Back in; my wading boots are next to the fire having spent the day compacting the river side frost. And there’s that sense of satisfaction that you’ve spent a few hours at the river, hunting that majestic of all fish, the Grayling. I gave up a long time ago trying to justify to my non-angling friends why we do it. Perhaps I should say why ‘I’ do it, because I’m sure that those that make the effort to fly fish, and target their quarry in often extreme conditions, do it for many different reasons. I am lucky enough to fish alongside some of the very finest fly anglers in the country, yet seldom is there any justification sought for why we fish within our conversations. An unspoken understanding exists that requires no questions to be asked or justification demanded.
As a young boy starting in my fishing journey, I would spend my weekends choosing stick floats, making pole rigs, preparing bait and organising every item into its chosen place. It was as much the preparation away from the water as much as the time spent fishing that was important. And that has never stopped; except that now it’s the tying of flies and the knotting of leaders. Escapism. Indeed, I spent last New Year’s Day tying salmon flies for the spring months. Grayling bugs left the vice mid-August in preparation for the colder months and no doubt this February I’ll be tying Blue Winged Olive Spinners in readiness for those hot August Summer evenings. Always forward planning; day-dreaming.
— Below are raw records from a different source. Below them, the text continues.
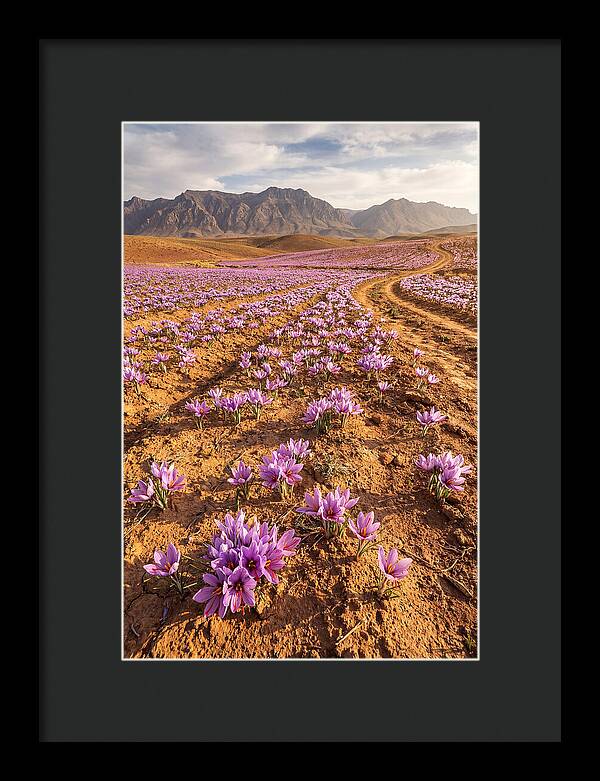 Farm Saffron Fields In Iran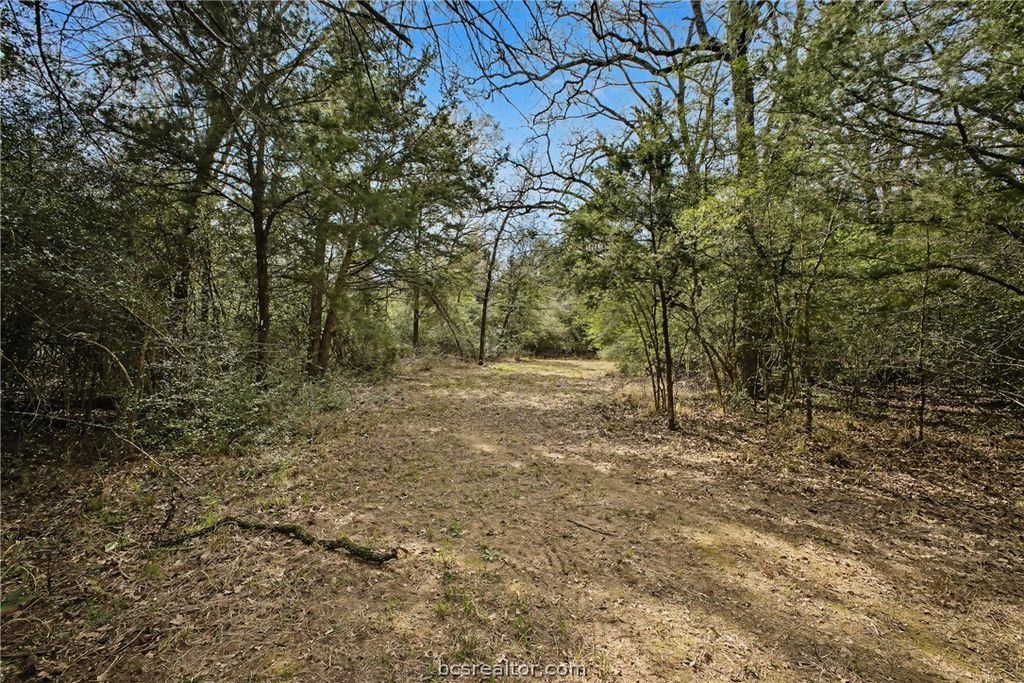 TBD Sawmill Road, Franklin, TX 77856 — photo 5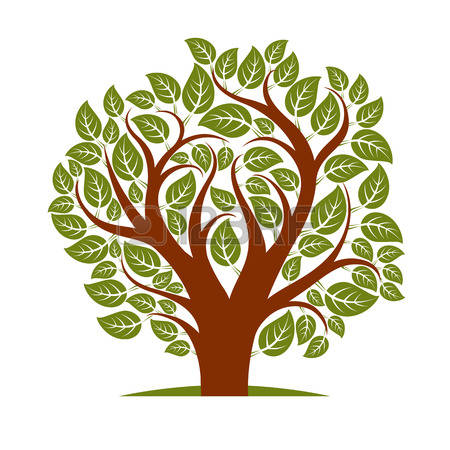 Tree Branch Vector Free At Getdrawings 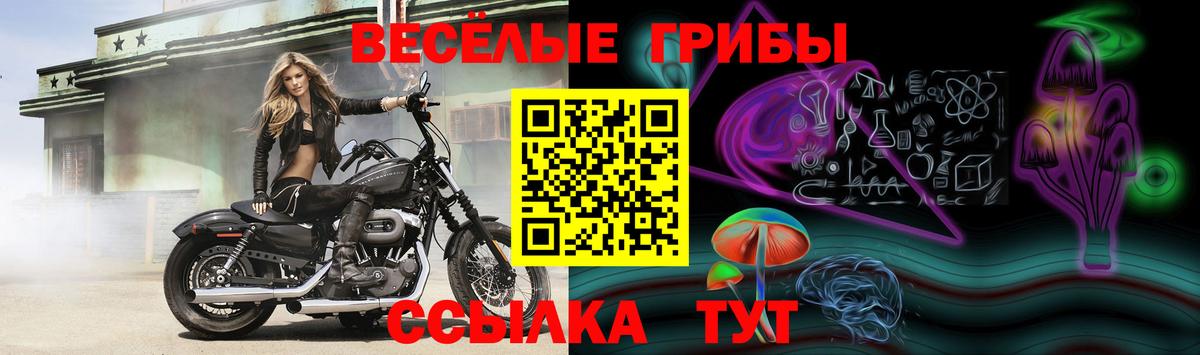 Псилоцибиновые грибы прущие грибы Дюртюли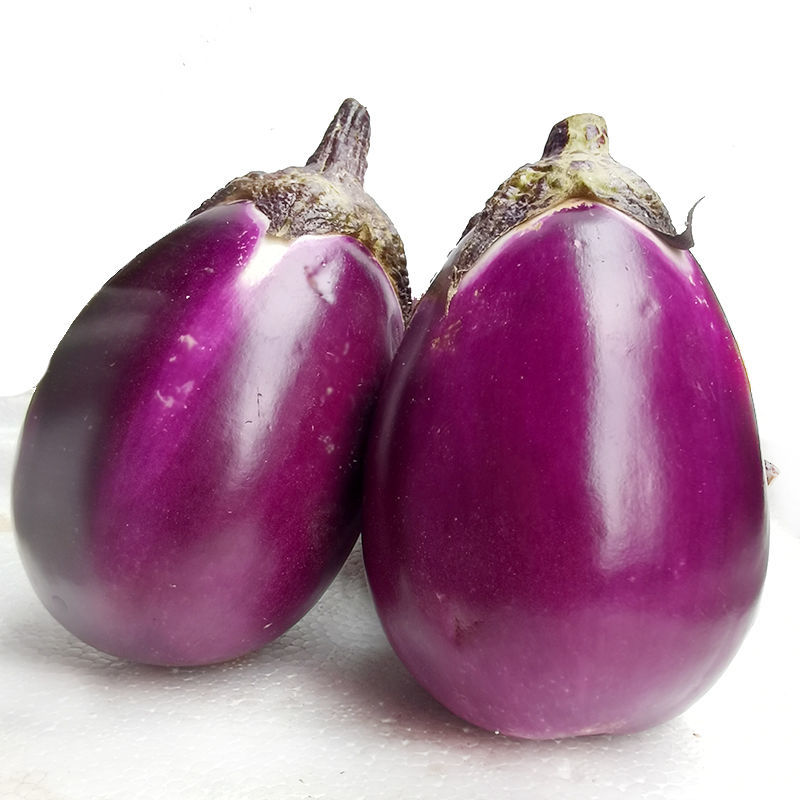 【现摘现发】湖南浏阳本地紫色圆茄子农家自种土茄子新鲜应季蔬菜 3斤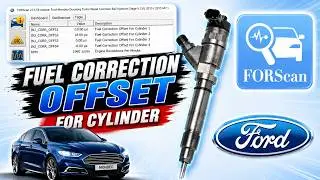Fuel Correction Offset for Cylinder - Forscan - Ford Mondeo mk5 2.0 TDCI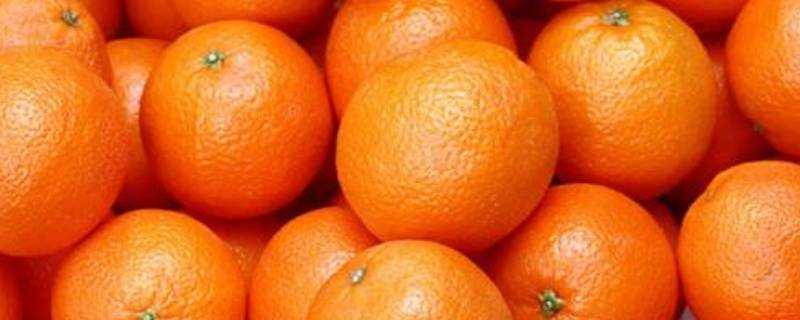 臍橙常溫可以放多久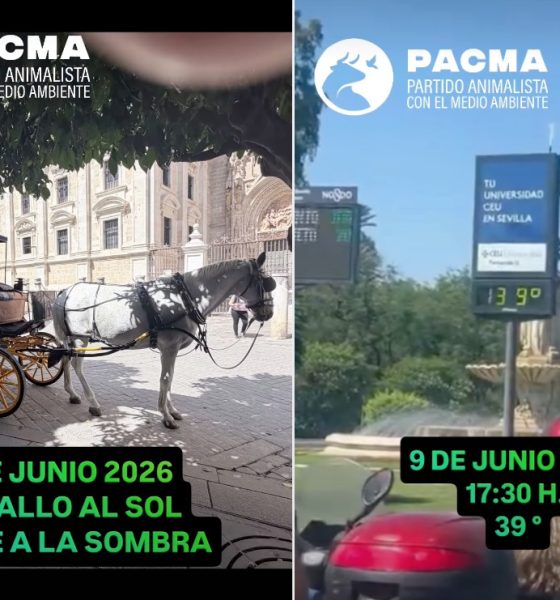 Coches de caballos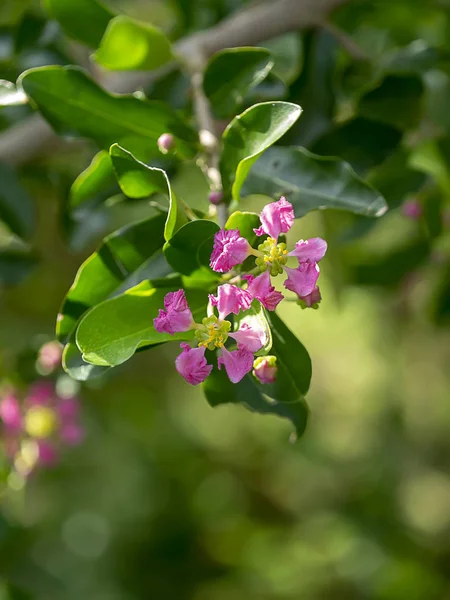 Bliska Barbados Lub Acerola Cherry Kwiat Glycyrrhiza Malpighia — Zdjęcie stockowe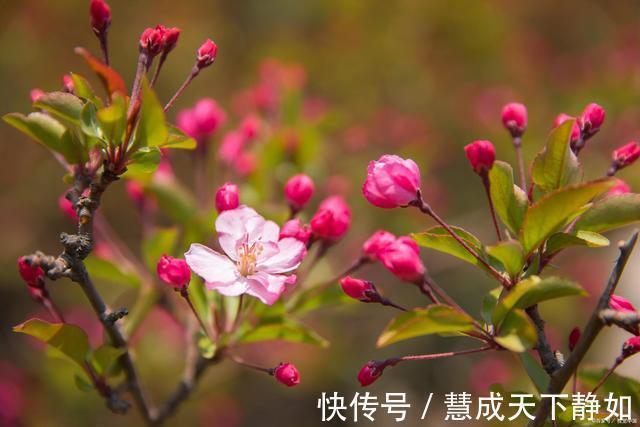 汉秦@古诗七律荡漾涟漪精气神，澄莹明澈醉诗琴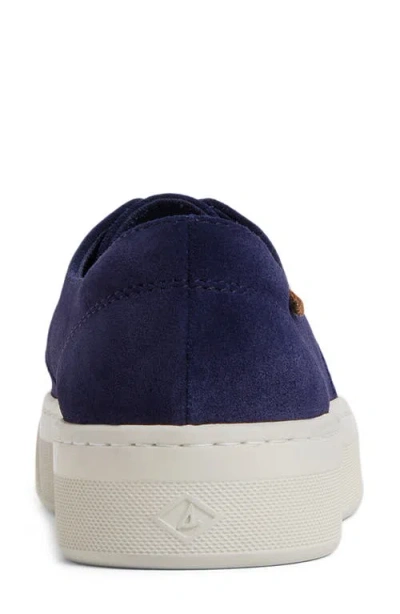 Sperry Candy Cvo Sneakers In Blue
The largest of fish, the most exotic of venues. It matters very little. A sipping rise from a wild trout on a small stream, the quartering of a grayling over clean gravel can mean a great deal. Thankfully, fishing doesn’t appeal to the masses. Thankfully it appeals to those I love to share the experience with. We have a wider responsibility however to share and encourage youngsters to engage, not only in a sport, but an interest that will look after our rivers and give them the life-long passion we have been lucky enough to experience.